While an effective procedure it does pose some unique challenges for the patient’s recovery. Because it is a bilateral procedure (done on both shoulders) there are significant arm movement restrictions that are in place for the first month after surgery. While patients deal with these restrictions well and gone on to a full recovery, it is nonetheless challenging for them. For this reason I have heard of some surgeons performed the procedure only on one shoulder at a time. While this would certainly make each recovery less challenging  it still means there will be two separate surgeries and recoveries. In my experience the single superior plate fixation in clavicle reduction osteotomies works well. I never had a problem in dozens of shoulder width reduction surgeries until last year when one patient developed fixation failure on one side several weeks after the procedure. While that satisfactorily revolved by a revisional surgery with application of double plates, it raised the question of whether every patient should have such double plates for maximal assurance of uncomplicated healing. The use of double plate fixation should also allow the patient the potential for earlier range of arm motion.

In double plate fixation of clavicle reduction osteotomies the first fixation device applied is a 2.7mm plate applied to the superior aspect of the bone with 3 screws per side. The second plate is applied to the anterior surface of the bone which is also  a 2.7mm plate with two screws on each side of the osteotomy.

A single superior plate on the clavicle resists bone displacement with lateral arm elevation but is less effective at resisting front to back rotational forces.

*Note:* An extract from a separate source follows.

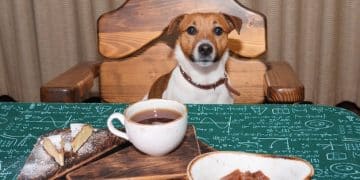 DIY Pet Bowl Stand: Elevate Your Furry Friend's Dining - Cover Image
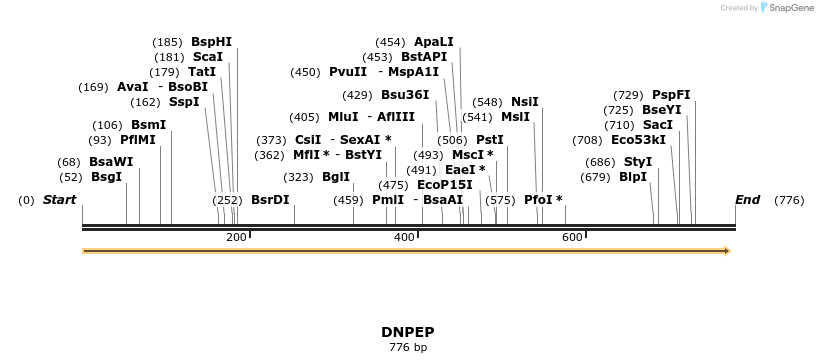 53087_map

The anterior plate resists such rotational displaying forces. Given that it is two round bone edges directly against each other the use of double plates should allow for rapid bone healing. Earlier arm motion may then be permitted.

While the use of double plate fixation adds additional costs to shoulder width reduction surgery, avoiding the risk of fixation failure and a second surgery to fix it is well worth it. Add in the capability of earlier range of motion during the recovery period adds to its value.